Record extracts:
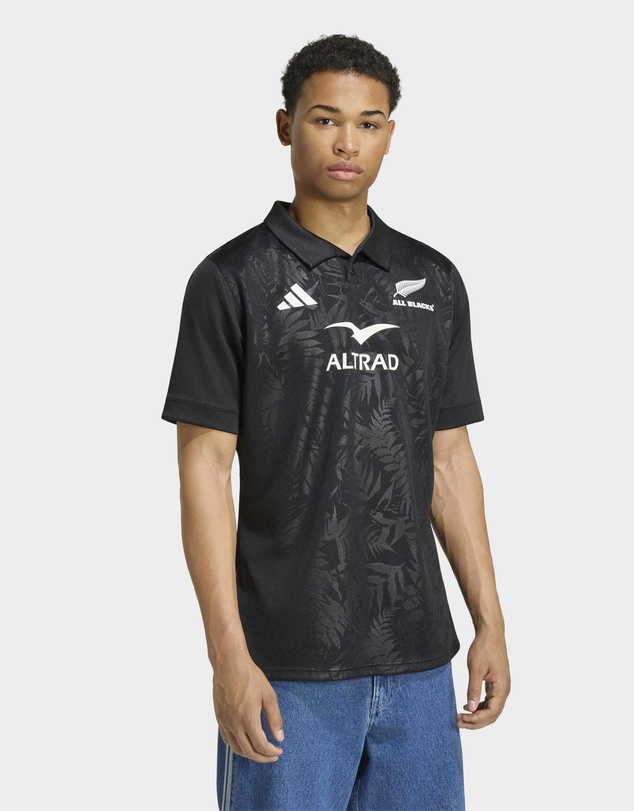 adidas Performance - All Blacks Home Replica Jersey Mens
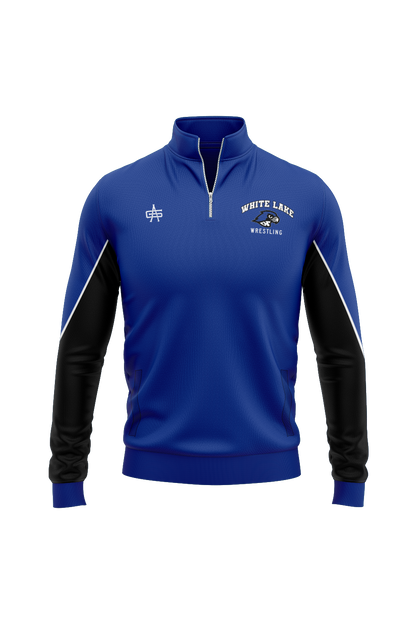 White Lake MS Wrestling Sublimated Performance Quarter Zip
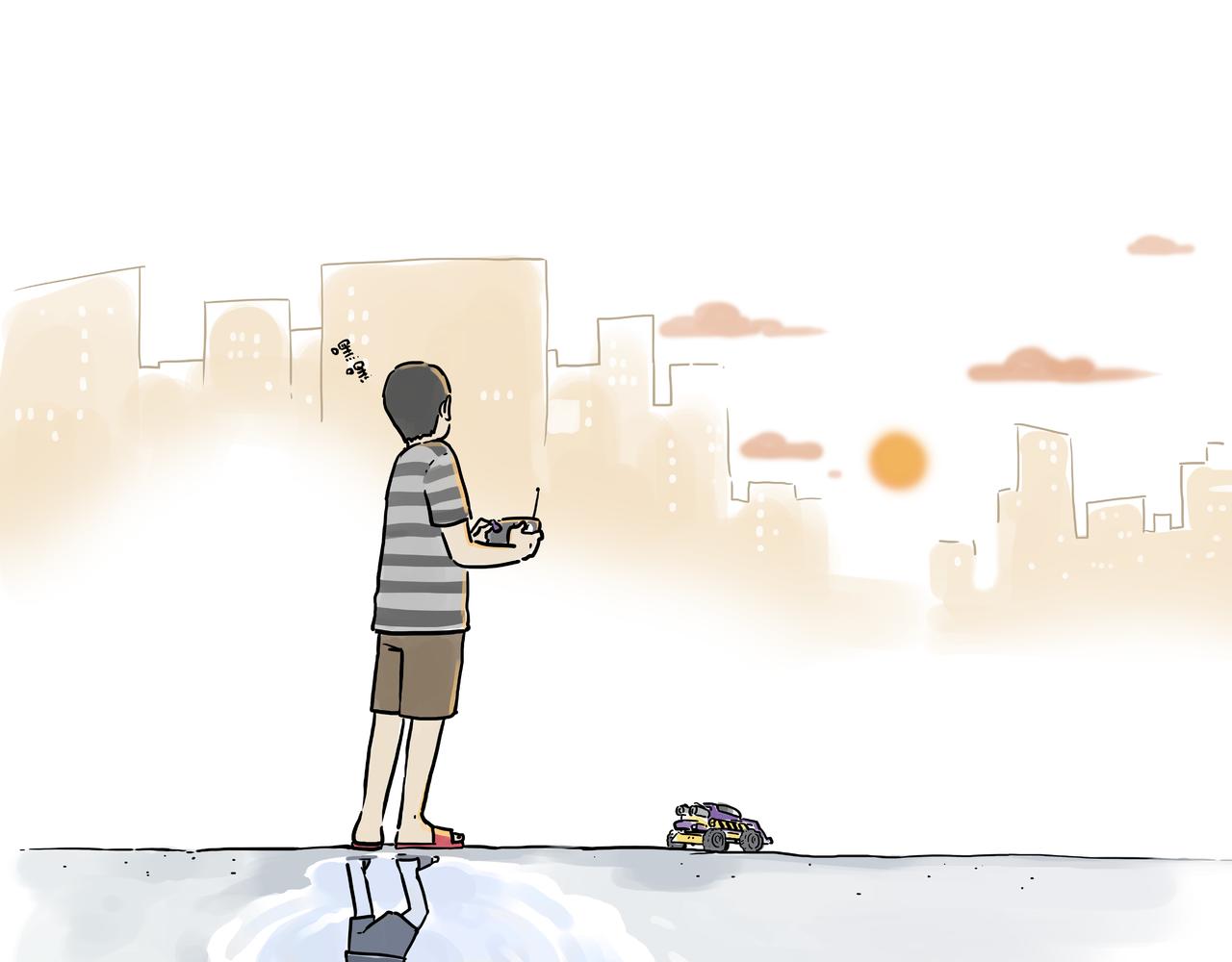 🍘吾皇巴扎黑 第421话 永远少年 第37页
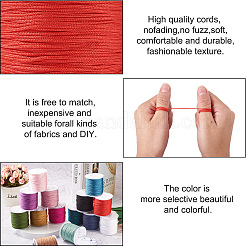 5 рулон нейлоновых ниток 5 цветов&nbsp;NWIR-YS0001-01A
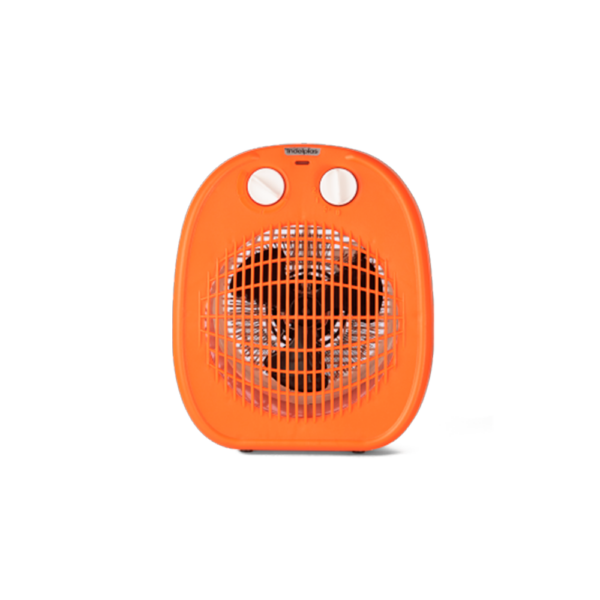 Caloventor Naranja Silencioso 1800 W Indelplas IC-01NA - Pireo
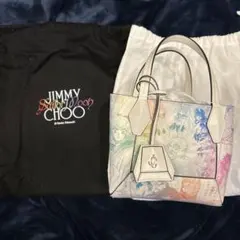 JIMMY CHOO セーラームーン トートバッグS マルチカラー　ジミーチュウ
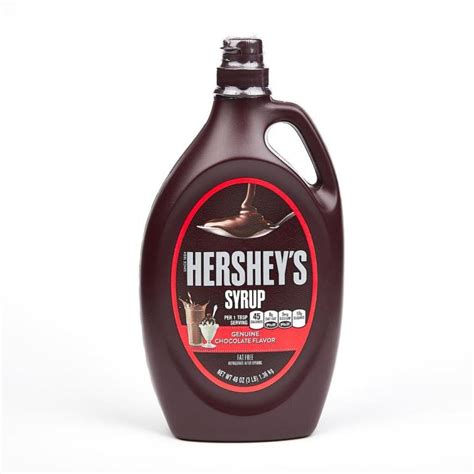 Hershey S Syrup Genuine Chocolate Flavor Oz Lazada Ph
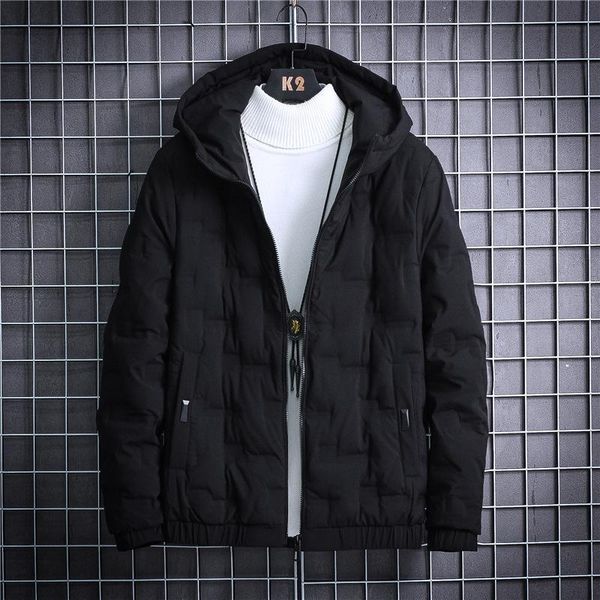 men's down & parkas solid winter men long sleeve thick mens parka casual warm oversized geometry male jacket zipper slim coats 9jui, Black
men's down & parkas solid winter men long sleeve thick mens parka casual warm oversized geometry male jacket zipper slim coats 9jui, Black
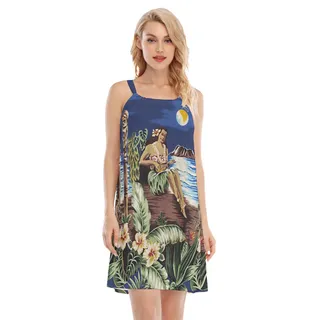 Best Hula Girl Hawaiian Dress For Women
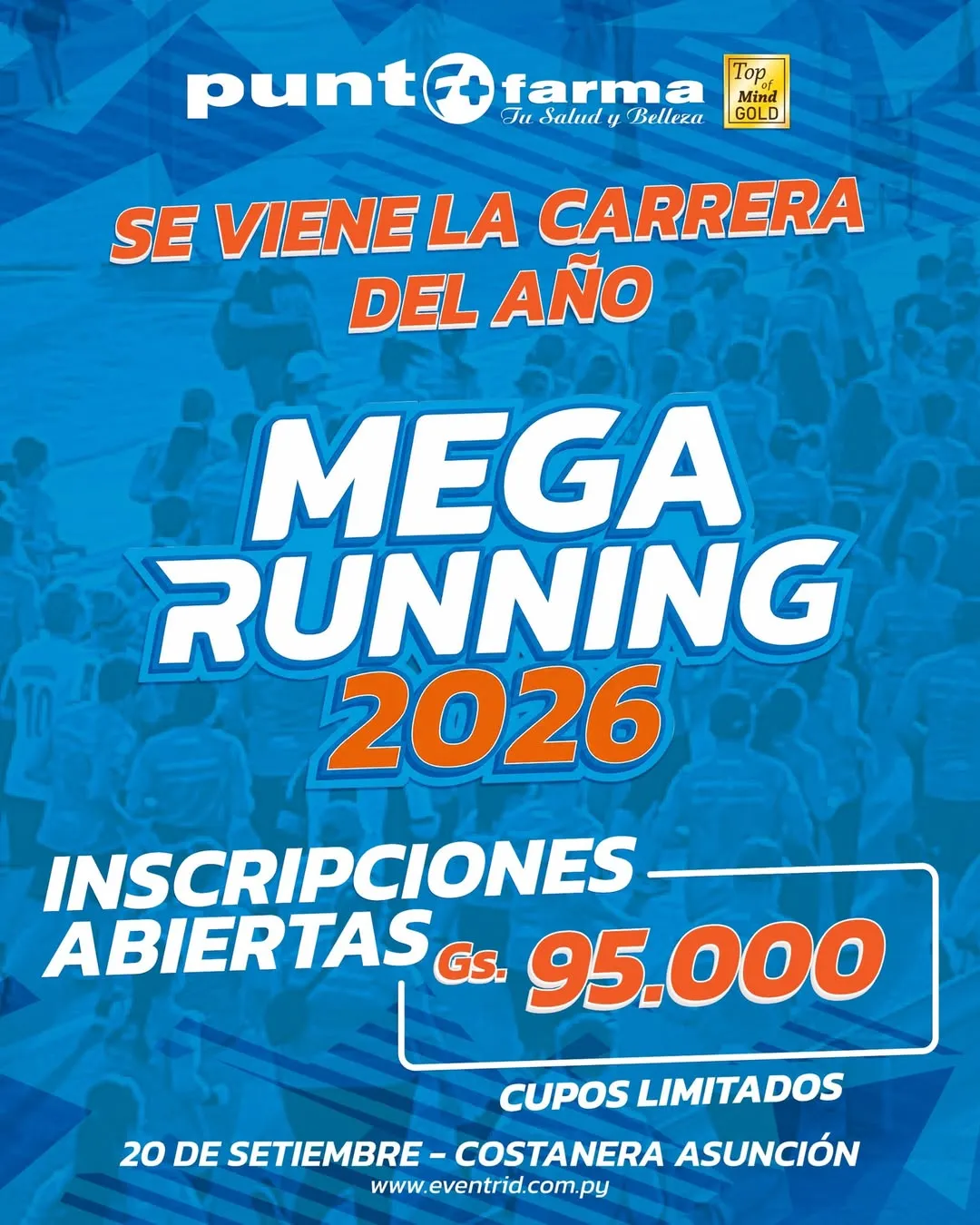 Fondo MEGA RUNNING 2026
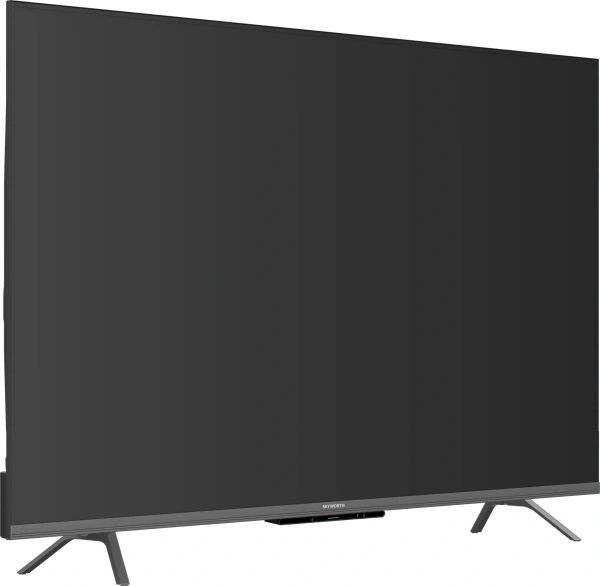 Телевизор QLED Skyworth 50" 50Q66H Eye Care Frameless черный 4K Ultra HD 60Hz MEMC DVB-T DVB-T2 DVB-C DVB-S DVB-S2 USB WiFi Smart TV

Prompt: Retype the records above exactly, leaving every picture out of your copy.

Exercise answer:
 adidas Performance - All Blacks Home Replica Jersey Mens
 White Lake MS Wrestling Sublimated Performance Quarter Zip
 🍘吾皇巴扎黑 第421话 永远少年 第37页
 5 рулон нейлоновых ниток 5 цветов&nbsp;NWIR-YS0001-01A
 Caloventor Naranja Silencioso 1800 W Indelplas IC-01NA - Pireo
 JIMMY CHOO セーラームーン トートバッグS マルチカラー　ジミーチュウ
 Hershey S Syrup Genuine Chocolate Flavor Oz Lazada Ph
 men's down & parkas solid winter men long sleeve thick mens parka casual warm oversized geometry male jacket zipper slim coats 9jui, Black
men's down & parkas solid winter men long sleeve thick mens parka casual warm oversized geometry male jacket zipper slim coats 9jui, Black
 Best Hula Girl Hawaiian Dress For Women
 Fondo MEGA RUNNING 2026
 Телевизор QLED Skyworth 50" 50Q66H Eye Care Frameless черный 4K Ultra HD 60Hz MEMC DVB-T DVB-T2 DVB-C DVB-S DVB-S2 USB WiFi Smart TV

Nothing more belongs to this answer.